Indian writer Suresh Menon was once recuperating in hospital and forced to “travel inwards”. In a dreamy haze he imagined Bishen Bedi bowling. Fortunately I’ve never found myself laid up like Menon, but in a similar situation I too may have pictured the smooth trundle, the high arm, and that mesmerising loop – surely the best for generations. Aside from his artistry, his depth of character appealed to me. As Indian captain he declared twice in one Test in protest at the brutal fast bowling he felt was killing the game. It was that lack of compromise, suggests Menon, which characterised “the player, the man, the administrator, coach and columnist”. But despite that conviction of character, Bedi retained a charming modesty and it is very much to my regret that I once found myself sitting next to him at Lord’s and sat numbly starstruck by his side, too stupid to make a sound.
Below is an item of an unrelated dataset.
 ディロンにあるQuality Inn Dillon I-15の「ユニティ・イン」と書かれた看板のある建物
My second spinner. Of his many achievements, the Blond managed two seemingly impossible tasks: he made spin bowling sexy, and showed sportsman who weren’t naturally svelte that they could make a telling contribution. “We never imagined this fat, podgy kid would end up as one of the world’s best bowlers,” mused former Australian skipper Bill Lawry. The numbers, of course, speak for themselves, but can’t capture his character, his force of personality. Every time Warne was tossed the ball, we just knew something was going to happen. He too had his brushes with authority and was withering in his assessment of former coach John Buchanan (“He’ll bring something to the table. Cluedo, perhaps…”) Even as an England fan I looked forward to him being handed the ball, and I suspect I’m not alone in this.
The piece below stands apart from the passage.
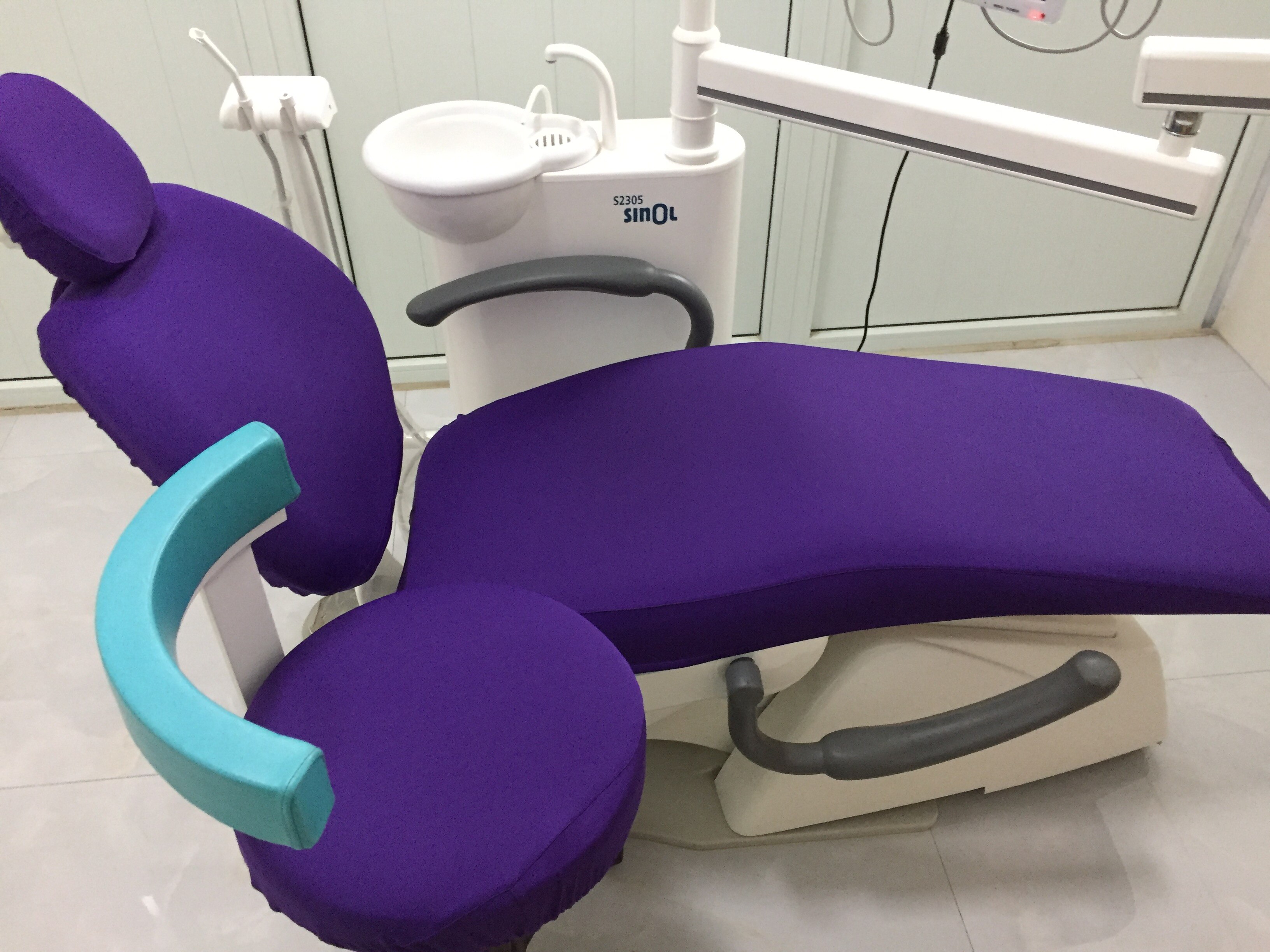 Funda de tela para silla de dentista, Protector de taburete, mangas lavables, respaldo morado oscuro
An Aussie who defies the adage that they only walk when they’re out of petrol, described by ESPNCricinfo as “a cheerful throwback to more innocent times, a flap-eared country boy who walked when given not out in a World Cup semi-final, and swatted his second ball for six while sitting on a Test pair.” What is there not to like about the keeper-batsman who changed the definition of the role? A champion with moral fibre – even though Kiwi Mark Richardson suggested that behind the stumps he still tried to burgle “anyone and everyone”. In all internationals he made 15,189 runs, with 33 tons. The second-fastest Test hundred belongs to him (as if English fans could forget). And behind the stumps his 416 Test dismissals is second only to Mark Boucher (who played 50 more Tests), with many taken in tandem with Warne, whose hissing, spitting venom fooled many a batsman and obscured his view. Bowlers everywhere would have punched the air when he retired, but I didn’t.
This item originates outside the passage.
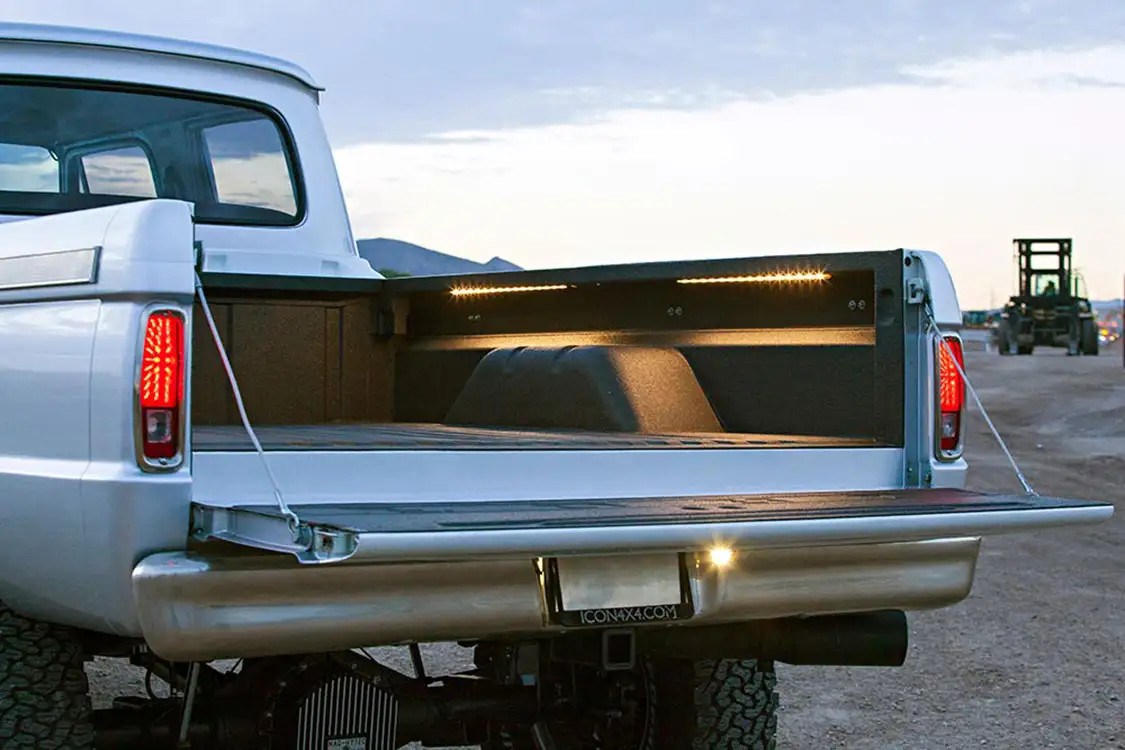 LED lights illuminate the bed once the tailgate is dropped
The third twirler in my spin triumvirate. Described as “all art and craft” by The Independent in 1999, and the Glamorgan stalwart has learned plenty since then. The Prince, as he’s know at the Welsh county, has made my list as a link with the golden age – a time when if you looked after yourself, you could have a 20-year career. Those days are gone, but Croft has not and the Welsh-speaking spinner is the only current cricketer with over 10,000 runs and 1,000 wickets in first class matches. I think I’m safe in saying that he may well be the last. His Test stats are unremarkable, but he never got carted, and there aren’t many better one-day bowlers in the country even now. Perhaps versatility is the key – he can pinch-hit or block with the bat, and go through them on the last day or close up an end on a green top. Nobody takes 1,645 wickets and scores 19,974 runs in all formats without developing a survival instinct and Croft is preparing for his 24th season in Glamorgan colours. As usual, few will relish facing him – whether it’s the arm ball, the one that dips late, or the one that loops from about 25 yards like a hand grenade. Dal ati Crofty!
A member of Geoffrey Boycott’s greatest-ever XI and described by Graham Gooch as “the most brilliant bowler of my time”. For Mike Selvey, “unquestionably one of the greatest fast bowlers of them all, and, quite arguably, the very best“. Martin Crowe called him “the finest opponent of them all – furious but fair and fantastic value in the bar”. Mark Nicholas, his skipper at Hampshire, eulogised that “he maintained excellence without arrogance and displayed confidence and self-assurance within his immense humility”. That confidence, it would seem, was well placed. His ghost-writer Pat Symes suggests that when facing Glamorgan at Pontypridd – with the match indeterminately positioned and Glamorgan 13 runs ahead with seven second-innings wickets left – in full sight of his colleagues, Marshall rang his golf club in Southampton and booked a 4pm tee-off. He demolished the tail, left a paltry target for his batsmen, and was only five minutes late at the first tee. I guess he is my desert island cricketer – the most exciting, terrifying, genial, interesting and charismatic of my first fifty. He was, as Mike Selvey wrote in his touching obituary, “awesome”.